Но разве я не ранила ее? Теперь это казалось истинной правдой. Моя мать умерла от моей собственной руки. Теперь я не могла выйти к боковым, уже не существующим воротам и остановить ее. Не могла сказать: «Послушай, отец, нельзя так поступать, мы должны отвезти ее в больницу, мы должны остаться рядом с ней, ты и Роз поезжайте к Тринк, а я останусь с мамой…» Но чего ради я стала бы так говорить юна ведь все равно удрала бы из больницы, как уже случилось однажды, она притворилась бы рассудительной, умной и очаровательной и вернулась бы домой, чтобы снова впасть в ступор, удариться о батарею и рассечь себе голову так, что на полу образовалась бы целая лужа крови.
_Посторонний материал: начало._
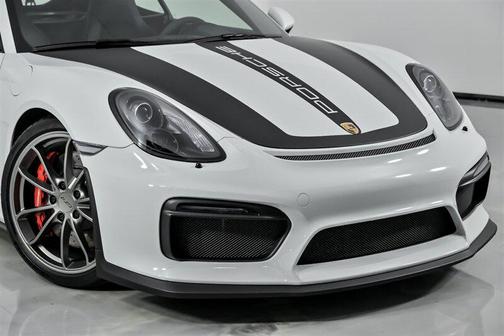 2016 Porsche Cayman GT4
Мой отец сказал: «Она уже дважды поджигала кровать, мы не можем оставить ее здесь…» А потом: «Катринка больна, ей предстоит операция, ты нужна мне!»

Я?

А что было нужно мне? Чтобы она умерла, моя мать, и чтобы все закончилось: ее болезнь, ее страдания, ее унижение, ее несчастье. Она плакала.

— Послушай, я не хочу! — сказала я и встряхнулась. — То, что ты делаешь, подло и низко: ты вторгаешься в мою душу, забирая то, что тебе совсем не нужно.
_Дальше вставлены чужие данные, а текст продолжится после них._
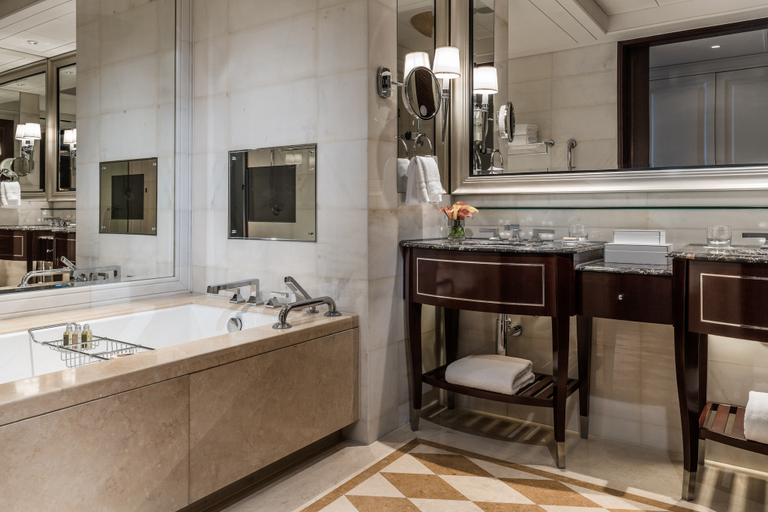 Bathroom, Four Seasons Hotel Macao, Macao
— Они всегда бередят тебе душу, — сказал он и улыбнулся.

Он выглядел таким ярким, молодым, свежим, нерастраченным. Несомненно, погиб в молодости. Скрипач злобно взглянул на меня и сказал:

— Ерунда. Я умер так давно, что во мне не осталось ничего молодого. Я превратился в «это самое», как ты мысленно назвала меня в начале вечера, когда не смогла вынести представшую твоим глазам грацию и элегантность. Я превратился в «это самое», в омерзительное зрелище, в злобного духа, когда твой наставник, твой великолепный маэстро был жив и учил меня.